Instructions to follow => Your answer must be the records below repeated word for word, with no pictures in it.

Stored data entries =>
-- -- --
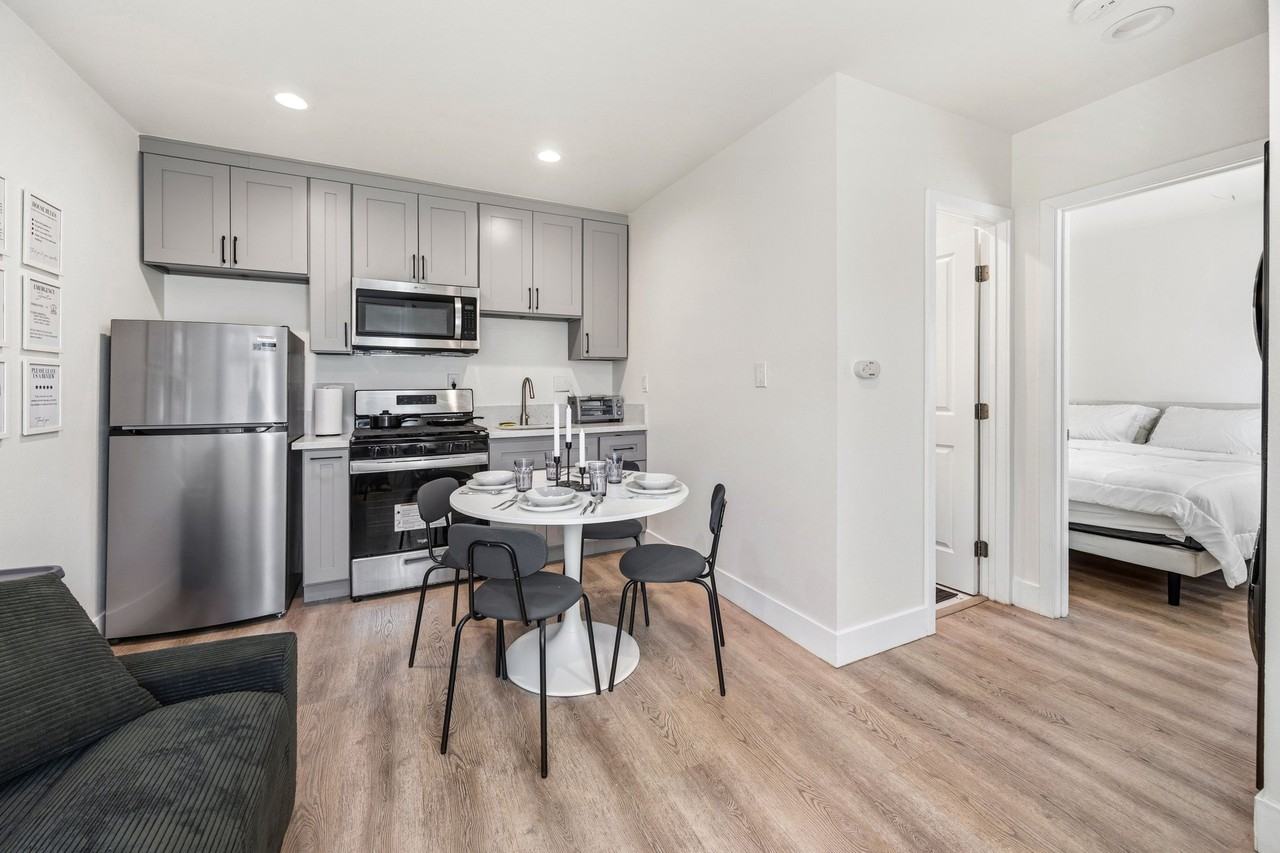 10041 Crosby Ave - Photo 6 of 19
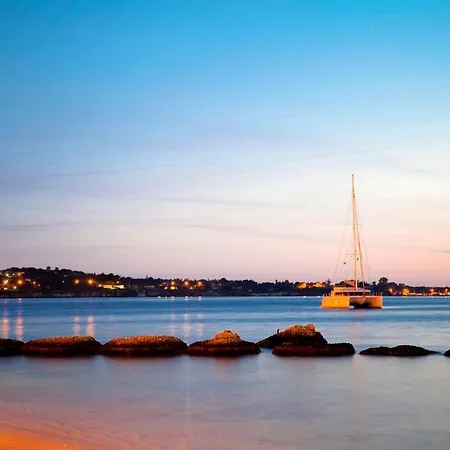 Bed Cafe シラクーサ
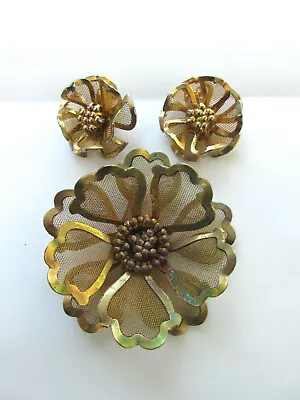 VINTAGE B.E.D. COSTUME JEWELRY SET   Pretty     (B). • $45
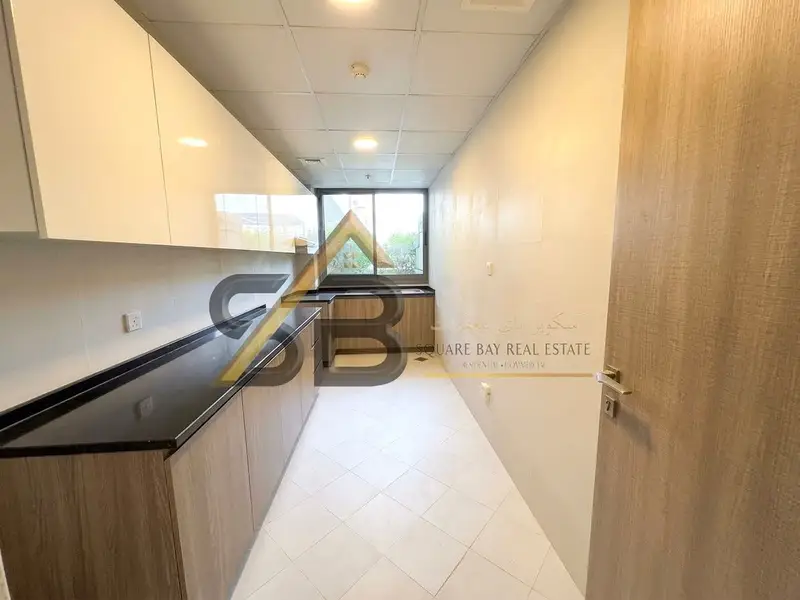 Spacious 1BHK Apartment with Closed Kitchen With All Facilities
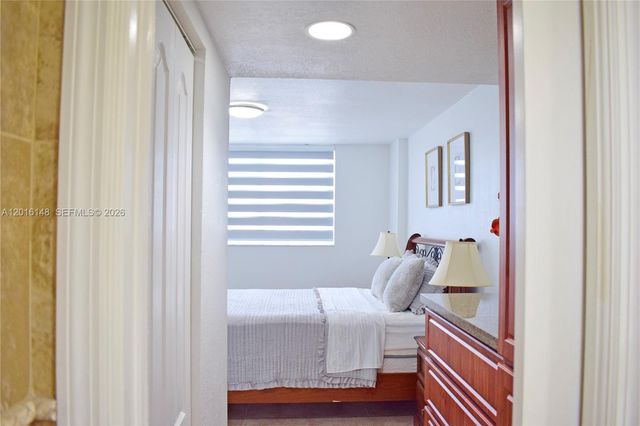 401 Ocean Dr 924, Miami Beach, FL 33139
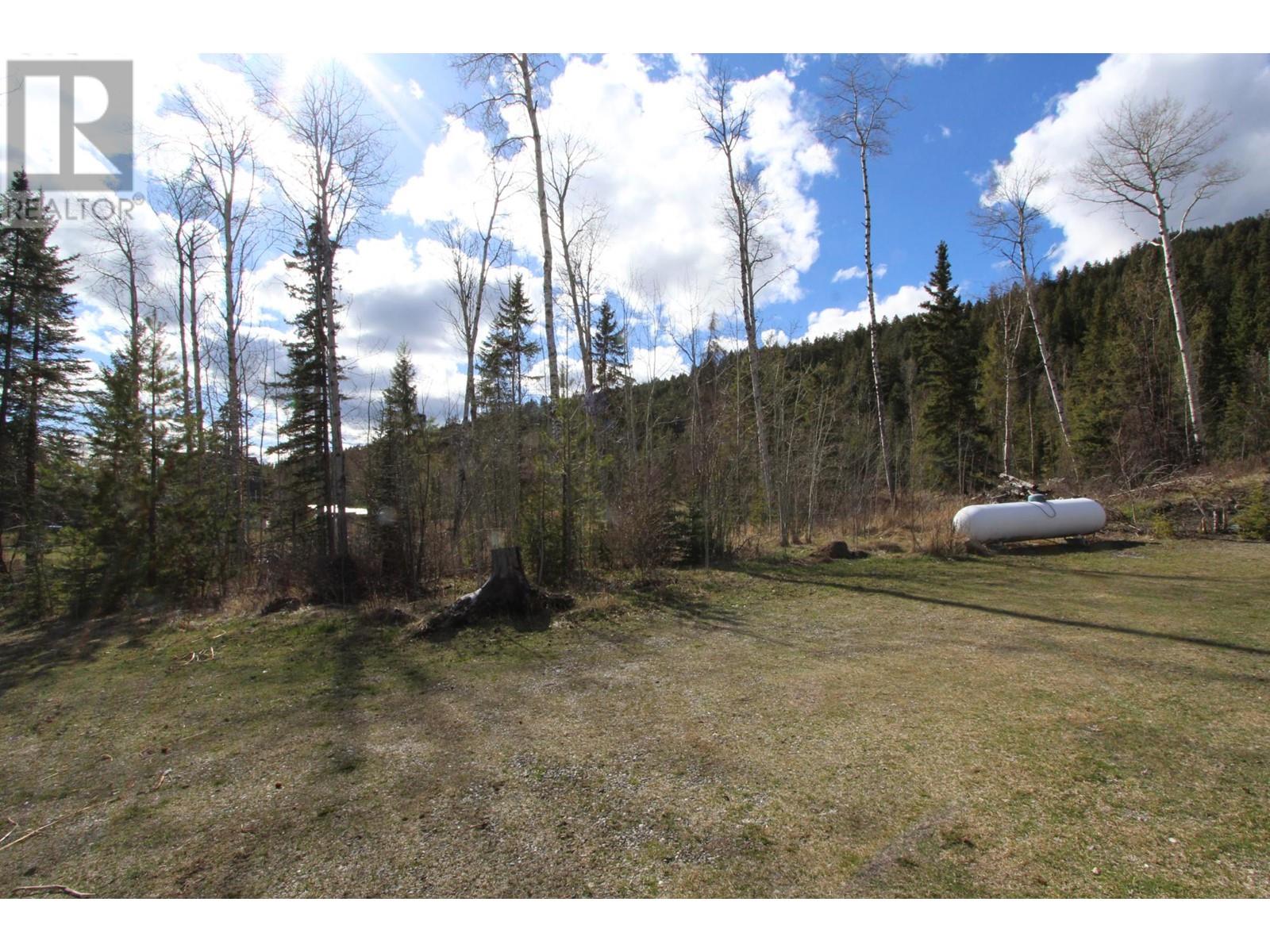 9223-9227 Knouff Lake Rd, Heffley, British Columbia  V0E 1Z1 - Photo 7 - 178375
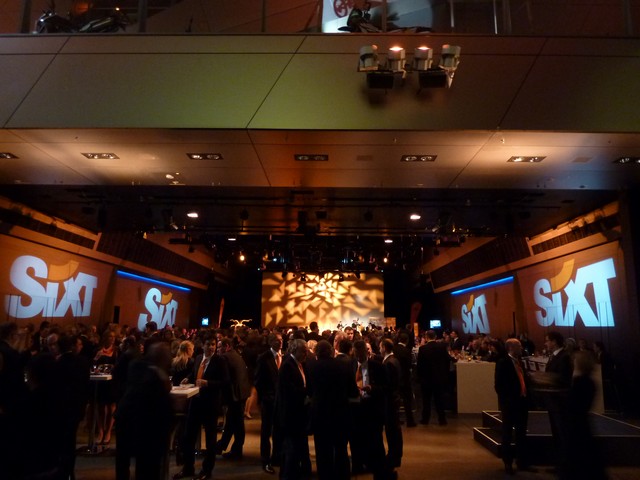 100 Jahre Sixt Feierlichkeit in der BMW-Welt www.muenchenfenster.de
-- -- --
Expected answer =>
 10041 Crosby Ave - Photo 6 of 19
 Bed Cafe シラクーサ
 VINTAGE B.E.D. COSTUME JEWELRY SET   Pretty     (B). • $45
 Spacious 1BHK Apartment with Closed Kitchen With All Facilities
 401 Ocean Dr 924, Miami Beach, FL 33139
 9223-9227 Knouff Lake Rd, Heffley, British Columbia  V0E 1Z1 - Photo 7 - 178375
 100 Jahre Sixt Feierlichkeit in der BMW-Welt www.muenchenfenster.de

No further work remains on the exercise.